His view, like most scientists today, merely echoed what Charles Darwin popularized in his famous book On the Origin of Species. Darwin wrote, “Thus, from the war of nature, from famine and death, the most exalted object which we are capable of conceiving, namely, the production of the higher animals, directly follows.”2

There has been much written about Darwin’s motivation for his theory. He struggled with the premature death of three of his children. And many commentators say that the death of his beloved 10-year-old daughter, Annie, finally destroyed any vestiges of Christian faith he had. He stopped attending church—something that I have seen many Christians do after losing loved ones.
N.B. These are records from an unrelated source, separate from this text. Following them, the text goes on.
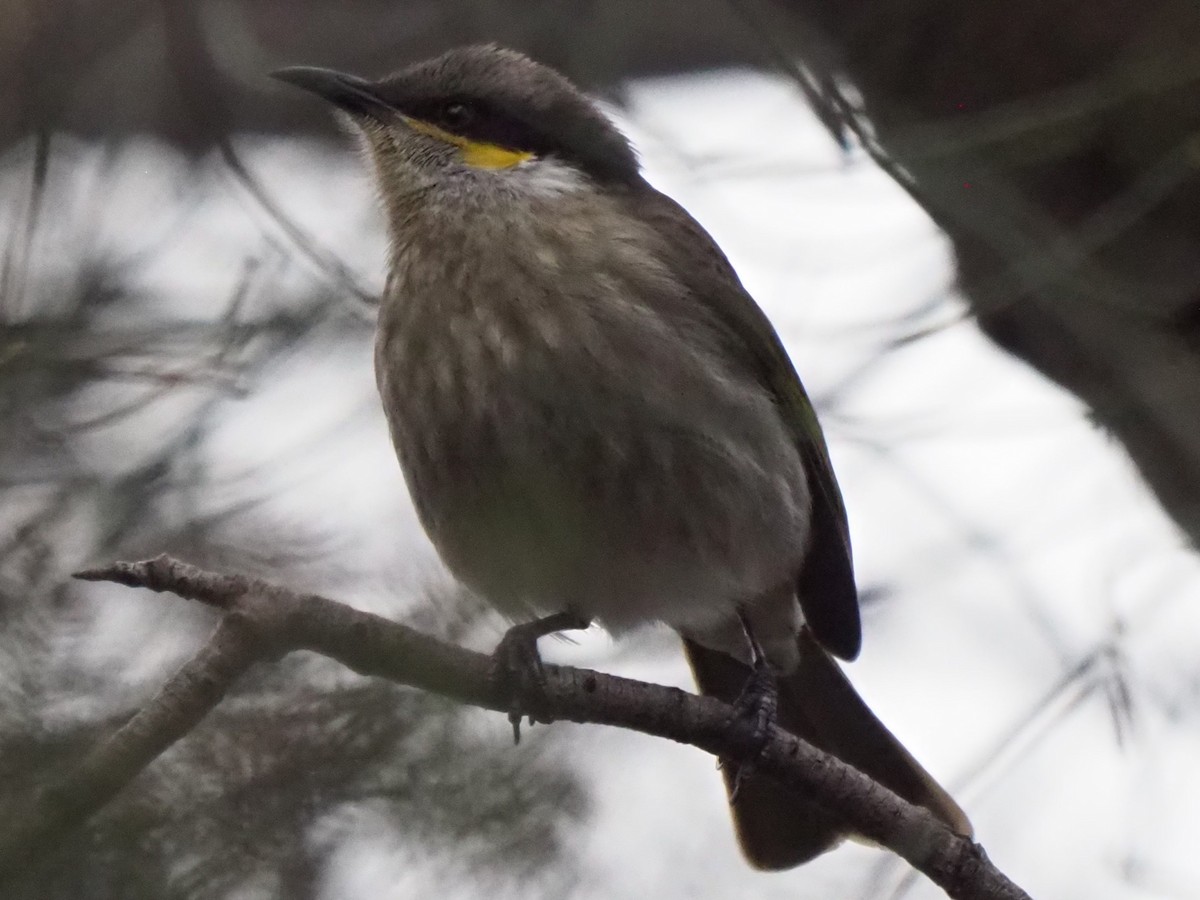 Singing Honeyeater - ML623469666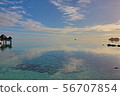海 56707854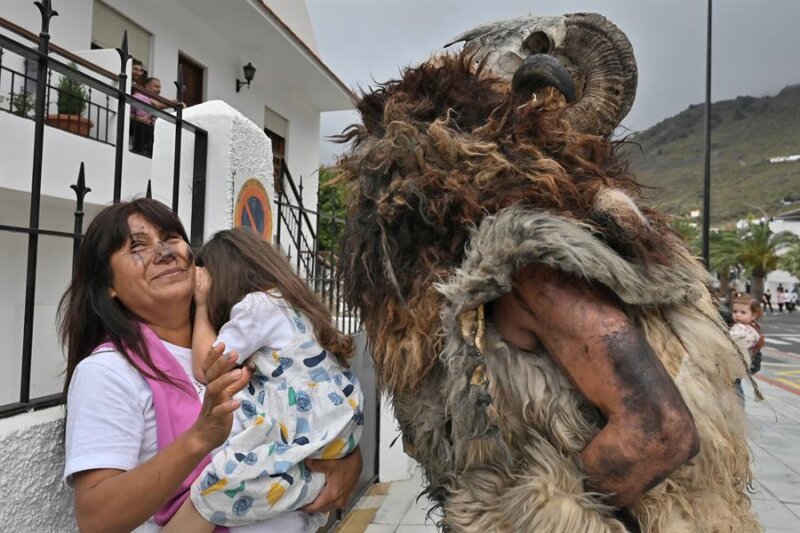 Los carneros toman las calles de Tigaday, en El Hierro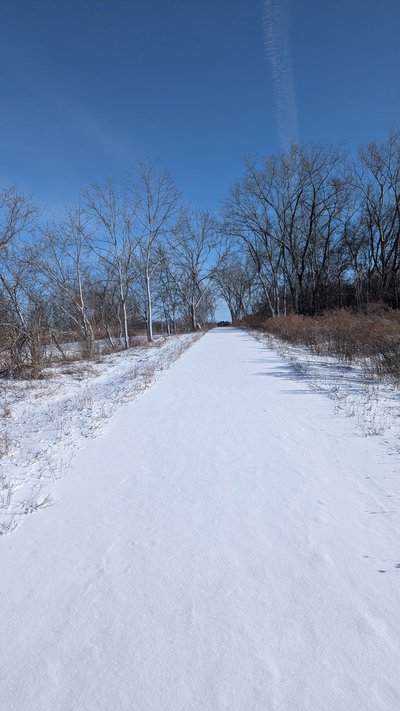 A snow covered recreational trail between some trees. There are no fresh footprints.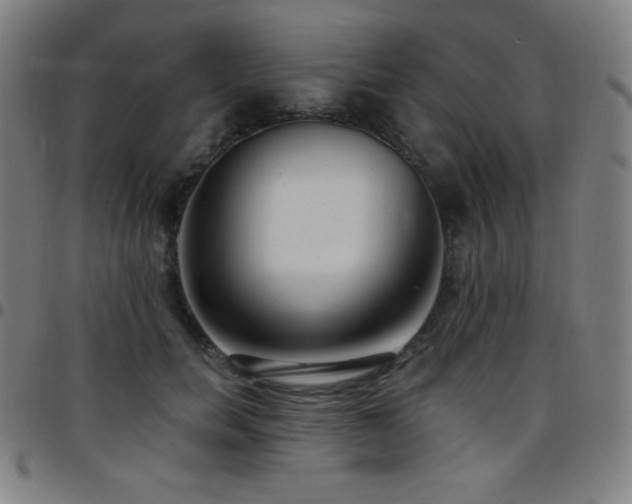 X0000097790750200803071412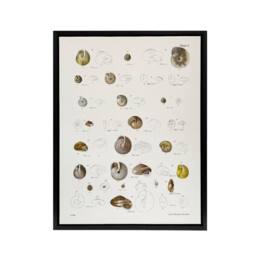 "Artery8 James De Kay Seashells Study Illustration Framed Canvas Wall Art Print in White - Size: W12"" x H16""" - thumbnail 1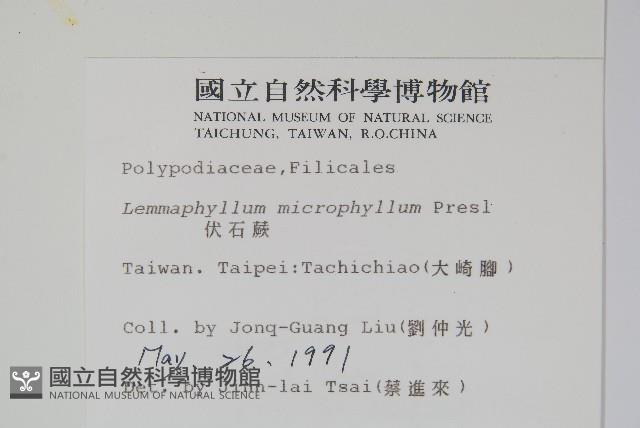 抱樹蕨、伏石蕨藏品圖，第2張
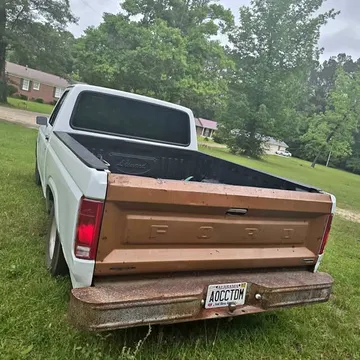1981 Ford F100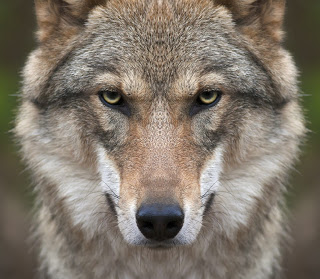 coyote wolf wolves Courtesy of andamanec Shutterstock com_160383824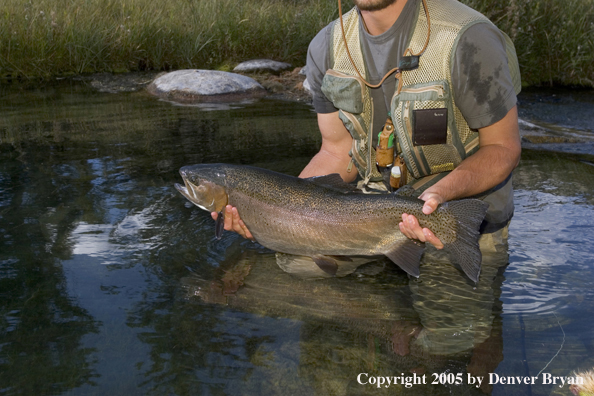 Flyfisherman with Rainbow Trout, Rocky Mountains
Darwin concluded that the world was ages old and concluded that death had been here since the beginning. In this view, ‘God’ becomes the author of death and suffering and a cruel ogre. Death became king to Darwin, rather than the One who has the power over life and death (Revelation 1:18).

We see this ‘death is king’ theme even in popular movies. The hugely influential science fiction author H.G. Wells (1866–1946) was a rabid evolutionist who trained under ‘Darwin’s bulldog’ Thomas Huxley.3 The 2005 Stephen Spielberg remake of H.G. Wells’ classic science fiction tale, The War of the Worlds, stays true to its evolutionary precepts of death and struggle. But I wonder how many could see Wells’ anti-Christian ideas coming through? It employs the idea of older (on the evolutionary scale), and therefore more technologically advanced, Martians attacking the earth with the aim of exterminating mankind. Wells wrote how these ‘superior aliens’ viewed humans: “No one would have believed in the last years of the nineteenth century that this world was being watched keenly and closely by intelligences greater than man’s and yet as mortal as his own; that as men busied themselves about their various concerns they were scrutinised and studied, perhaps almost as narrowly as a man with a microscope might scrutinise the transient creatures that swarm and multiply in a drop of water.” (emphasis mine).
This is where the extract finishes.